Mid-State Athletic Conference
- Association: NJCAA
- Founded: 1970
- Sports fielded: 9 men's: 4; women's: 5; ;
- Division: Region 3
- No. of teams: 8
- Region: New York

= Mid-State Athletic Conference =

The Mid-State Athletic Conference (MSAC) is a junior college conference located within Region III of the National Junior College Athletic Association (NJCAA). The MSAC has 8 member schools, all located in Upstate New York.
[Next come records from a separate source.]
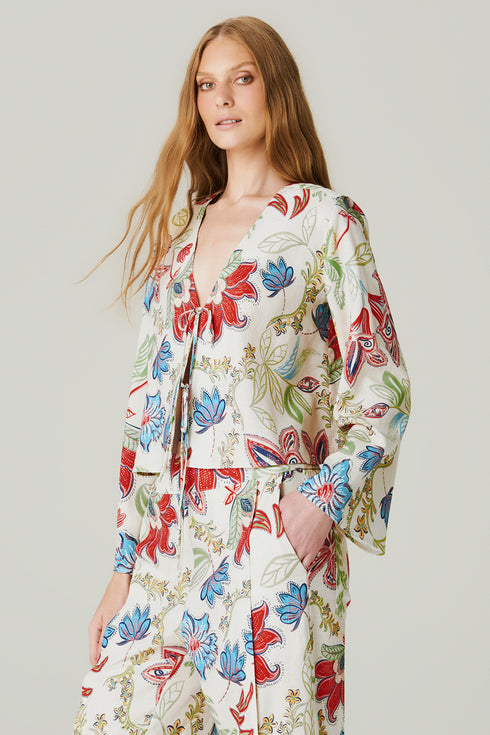 BLUSA LINHO AMARRAÇÃO ESTAMPA FLORAL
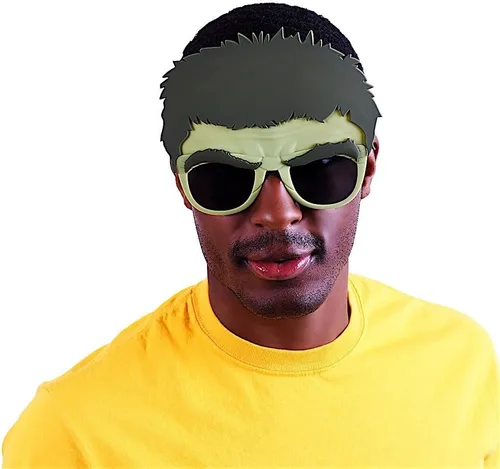 Vista 3 de Sun-Staches Sunstaches Marvel Avengers Hulk - Gafas de sol de personaje, recuerdos de fiesta, UV400, 8 pulgadas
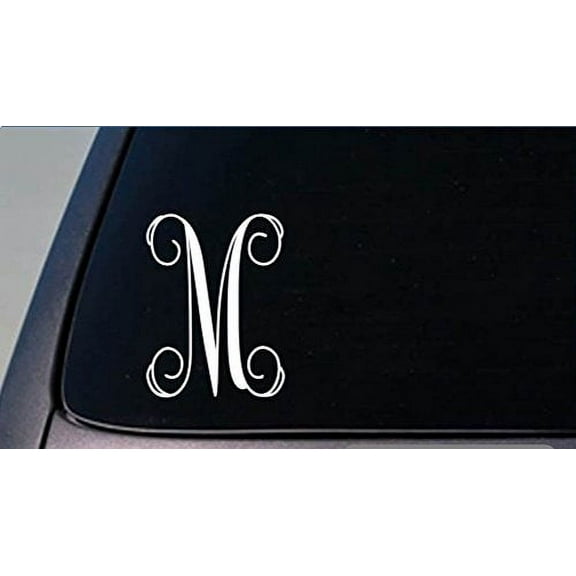 Monogram M vine initial *I358* 6 inch tall Sticker decal letters gift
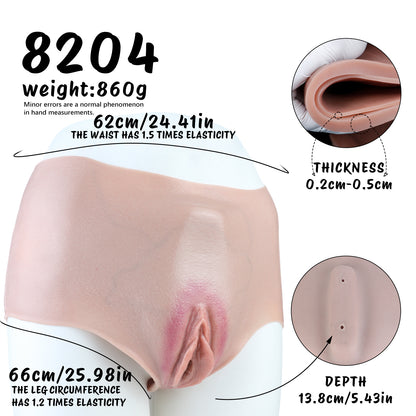 Realistic Silicone Pussy Panties | Hand-Sprayed Gradient, Penetrable Canal — Platinum Grade Femboy Brief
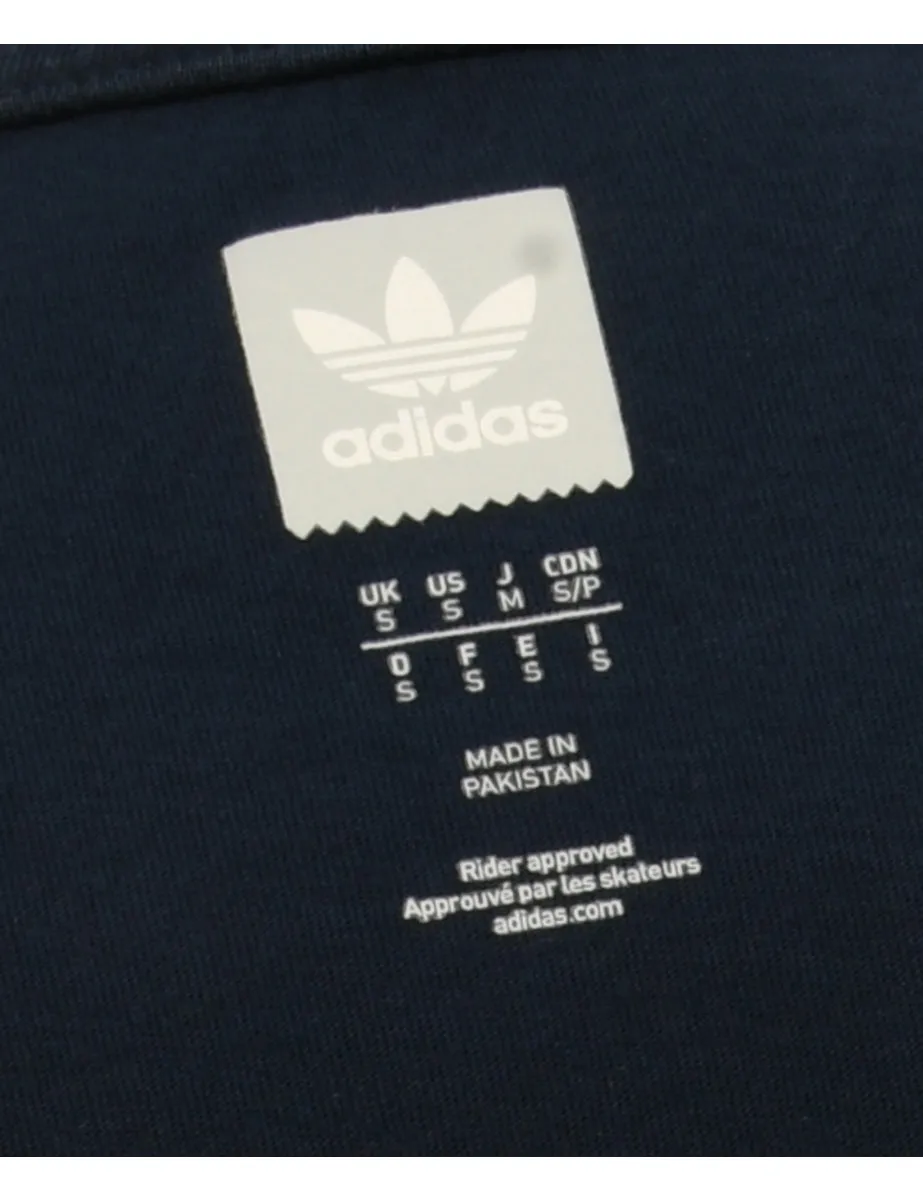 Blue Adidas Printed T-shirt - S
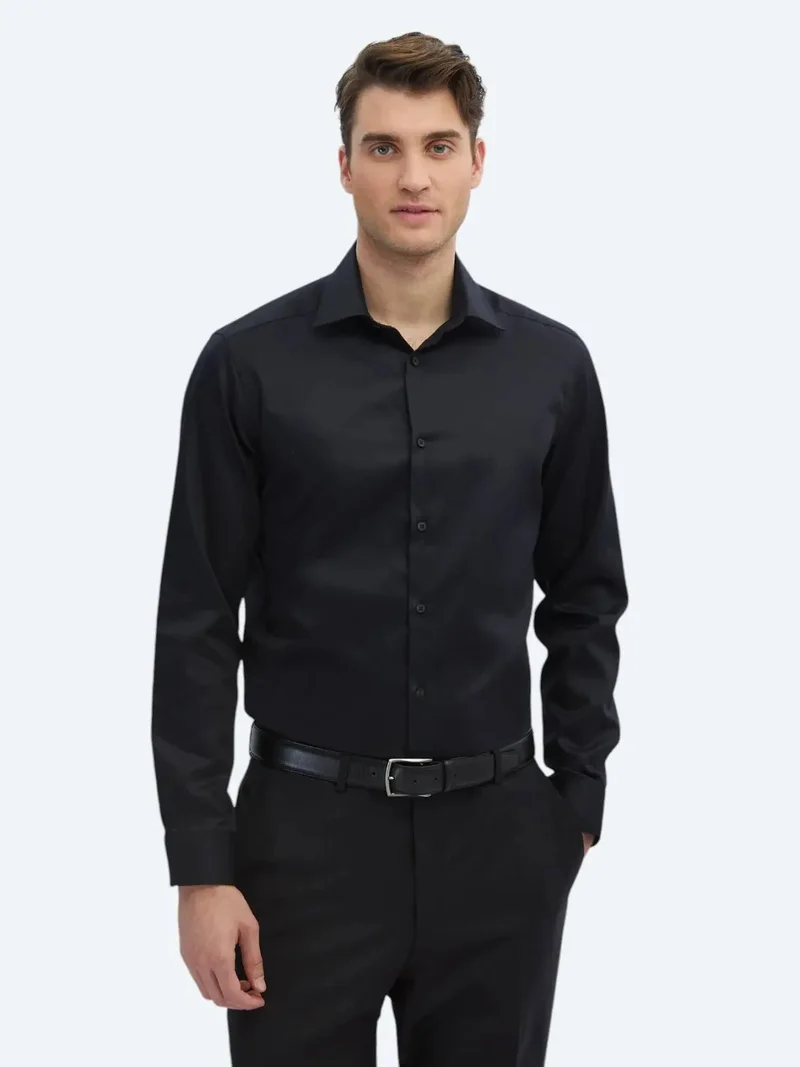 Kip Black Plain Slim Fit Weaving Classical 100% Cotton Shirt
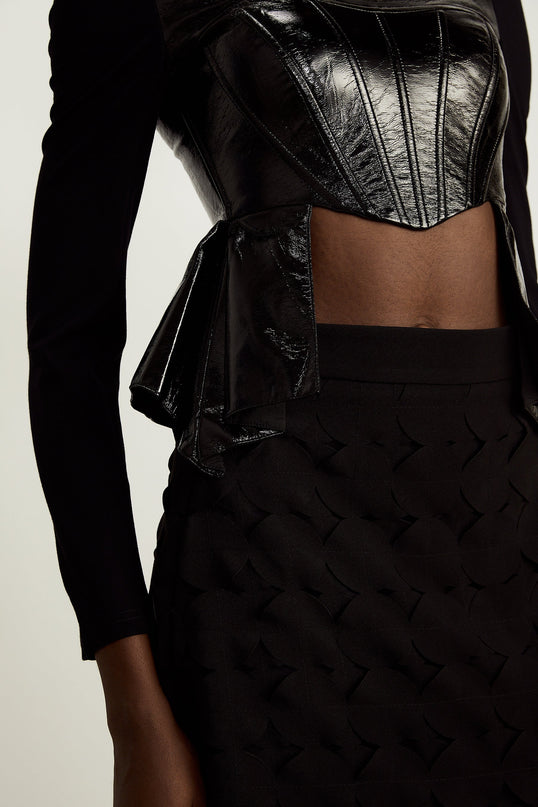 Celeste Black PU and Cotton Sweetheart Neckline Top with Leather Panels and Asymmetric Hem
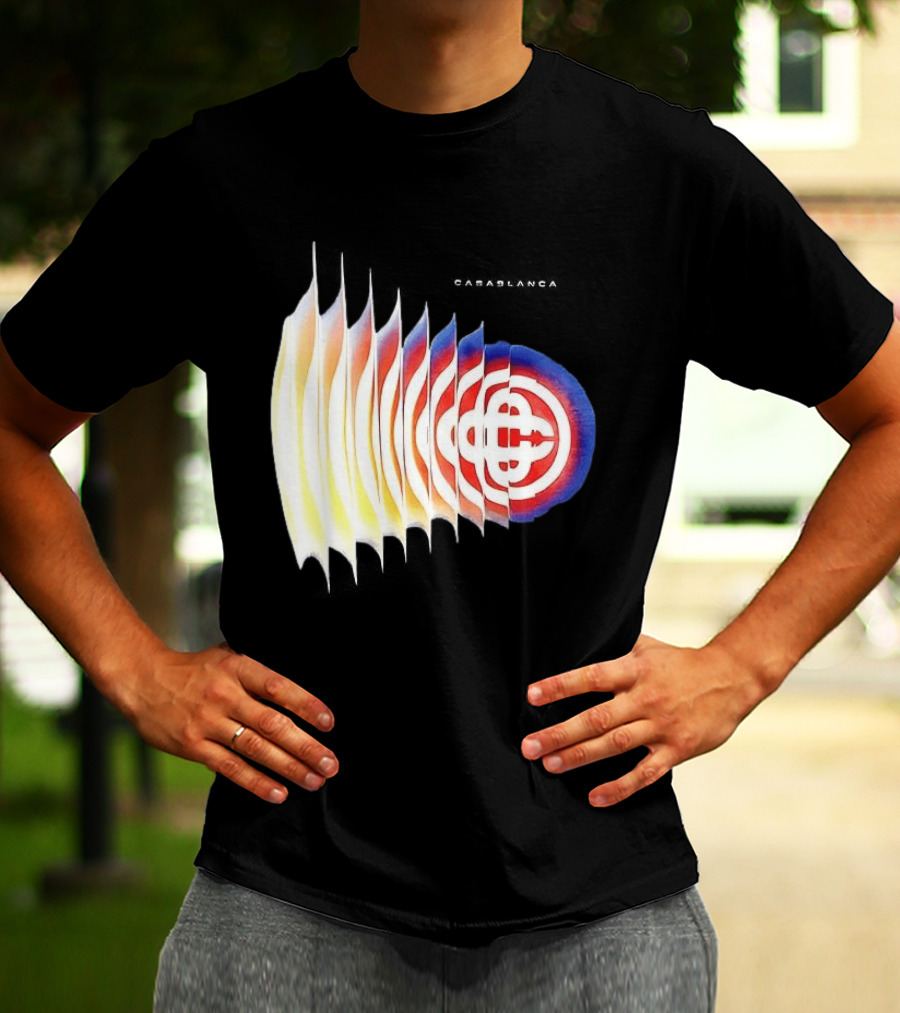 Casablanca Shockwave Optical Illusion Pattern With Red Blue Yellow Layers T-Shirt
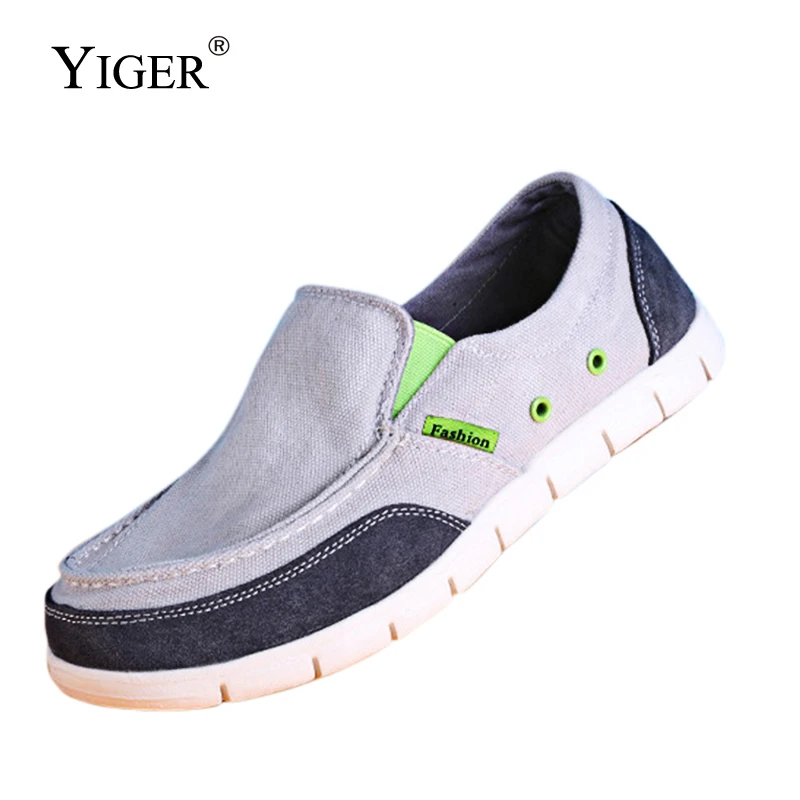 YIGER Men's casual canvas shoes man loafers big size Wide foot non-slip cloth shoes male slip-on Soft light leisure shoes 2023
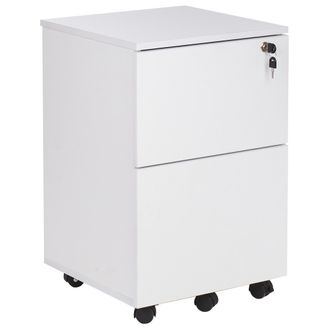 Beliani Armario De Oficina Industrial Madera De Ingenier&iacute;a 2 Cajones Para Documentos Ruedas Cerradura Con Llave Blanco Johnson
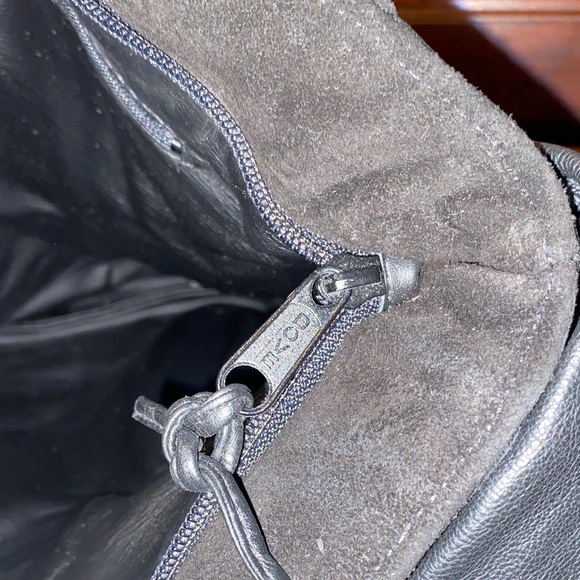 Black leather black suede and black patent Patchwork Shoulder Bag - Picture 12 of 14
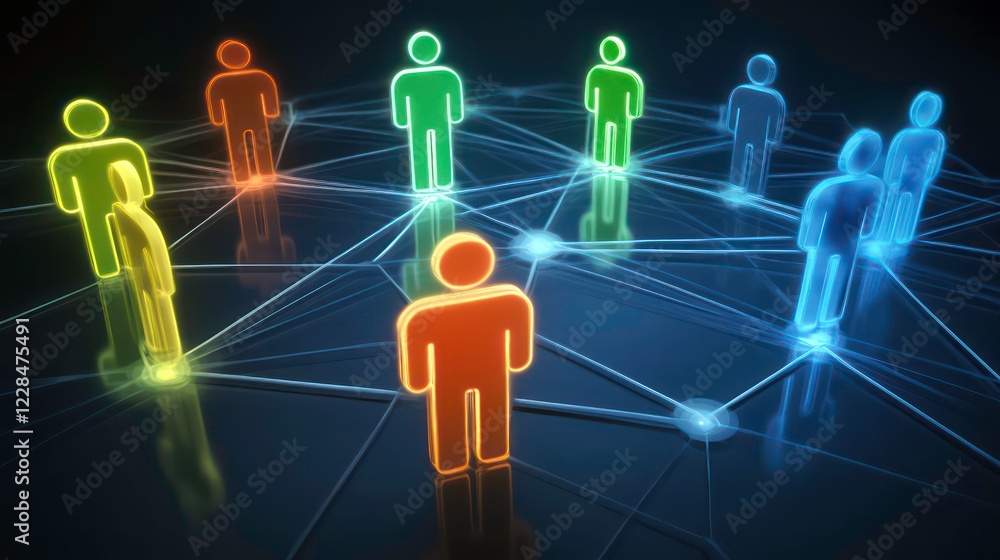 Poster social network concept connection colorful figures linked by lines depict the complex web of relatio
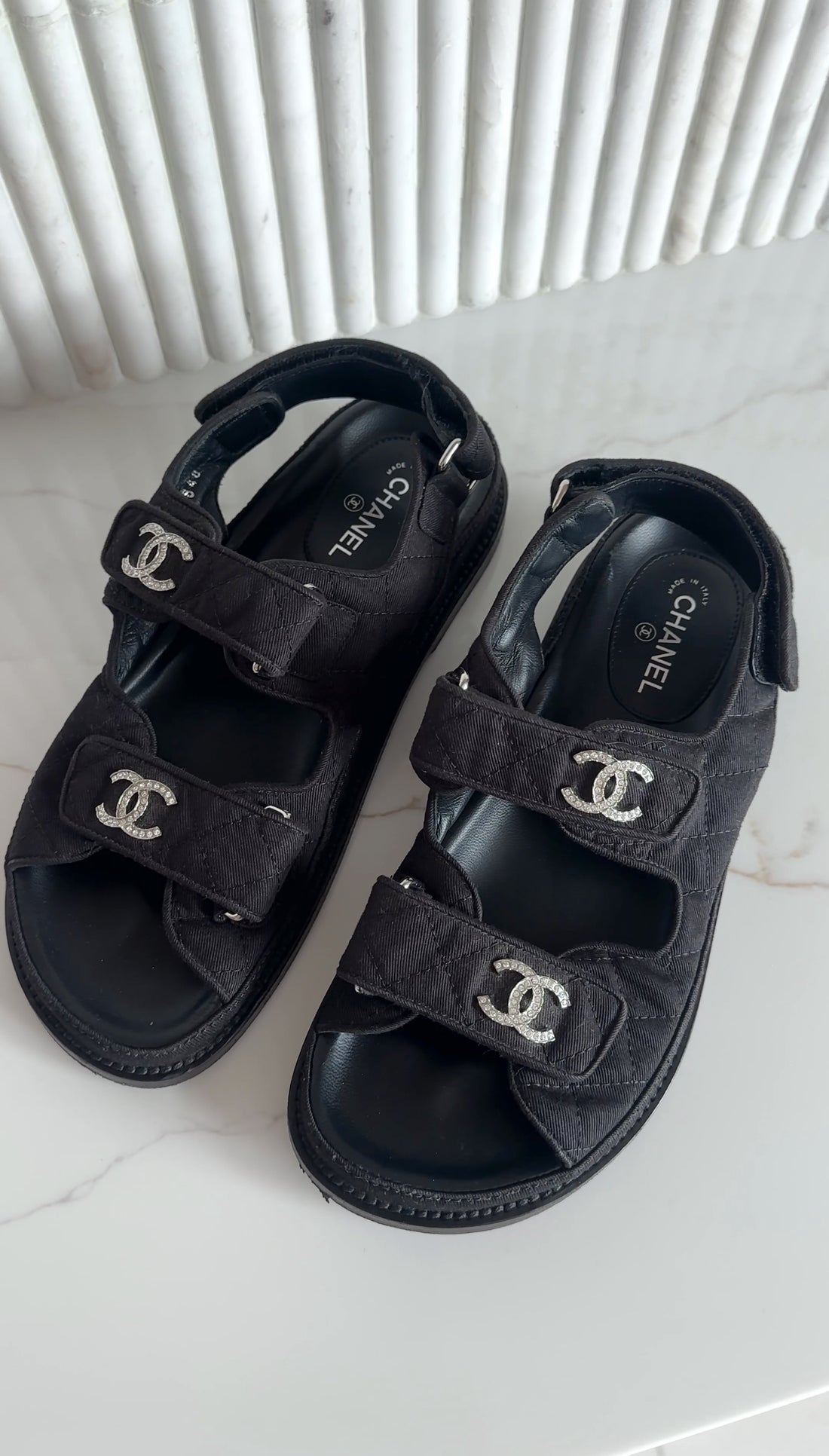 Chanel Black Canvas Quilted Crystal CC Dad Sandals - 37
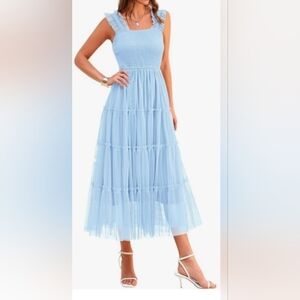 PrettyGarden  Lavender Tiered Midi Dress Size Medium NWT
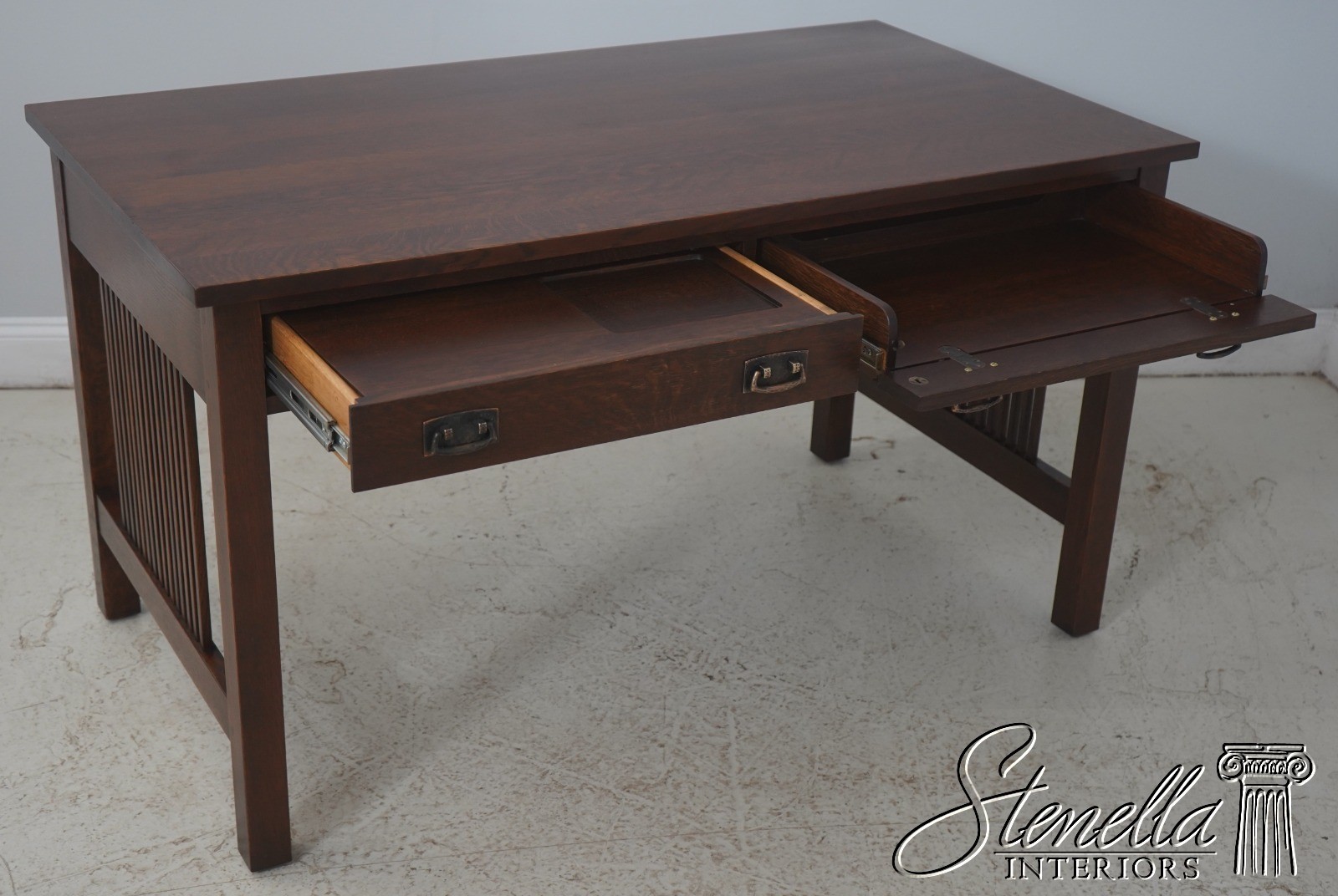 F72724: STICKLEY Mission Oak Spindle Writing Desk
Conference championships are held in most sports and individuals can be named to All- ncca

== Member schools ==
=== Current members ===
The Mid-State currently has seven full members, all are public schools:

| Institution | Location | Founded | Affiliation | Enrollment | Nickname | Joined |
|---|---|---|---|---|---|---|
| Broome Community College (SUNY Broome) | Dickinson | 1946 | Public | 5,386 | Hornets | 1987 |
| Cayuga Community College (SUNY Cayuga) | Auburn | 1953 | Public | 3,775 | Spartans | 1987 |
| Corning Community College (SUNY Corning) | Corning | 1957 | Public | 3,972 | Red Barons | 1990s |
| Finger Lakes Community College (SUNY Finger Lakes) | Canandaigua | 1965 | Public | 5,944 | Lakers | 1987 |
| Jefferson Community College (SUNY Jefferson) | Watertown | 1961 | Public | 2,658 | Cannoneers | 1987 |
| Onondaga Community College (SUNY Onondaga) | Syracuse | 1961 | Public | 9,834 | Lazers | 1987 |
| Tompkins Cortland Community College (SUNY Tompkins Cortland) | Dryden | 1968 | Public | 2,373 | Panthers | 1987 |

- Notes

=== Former members ===
The Mid-State had three former full members, all but one were public schools:

| Institution | Location | Founded | Affiliation | Enrollment | Nickname | Joined | Left | Current conference |
|---|---|---|---|---|---|---|---|---|
| Cazenovia College | Cazenovia | 1824 | Nonsectarian | 800 | Wildcats | 1987 |  | North Atlantic (NAC) |
| Columbia–Greene Community College (SUNY Columbia–Greene) | Hudson | 1966 | Public | 1,578 | Twins |  |  | Mountain Valley (MVCC) (NJCAA Region III) |
| State University of New York at Canton (SUNY Canton) | Canton | 1906 | Public | 3,216 | Kangaroos | 1990s |  | North Atlantic (NAC) |

- Notes

==History==
This conference began during the 1987–88 school year. Prior to this, a proposal was brought forward to the athletic directors of the original members (listed below) by Mr. Larry Hinkle, director of athletics at Tompkins Cortland CC. The concept was approved and each A.D. received approval from his/her college president. After collaboration with other conferences already formed within Region III, Mr. Hinkle drafted MSAC by-laws. After review and minor tweaking, the by-laws were approved and officers were elected. The result was that the Mid-State Athletic Basketball Conference was officially formed. As sports were added, it became the Mid-State Athletic Conference. The original members were:

- Broome Community College
- Cayuga Community College
- Cazenovia College
- Finger Lakes Community College
- Jefferson Community College
- Onondaga Community College
- Tompkins Cortland Community College

In the early 1990s, SUNY Canton was added as well as Corning Community College. Columbia-Greene Community College joined from the Mountain Valley Athletic Conference for the 2016-17 school year.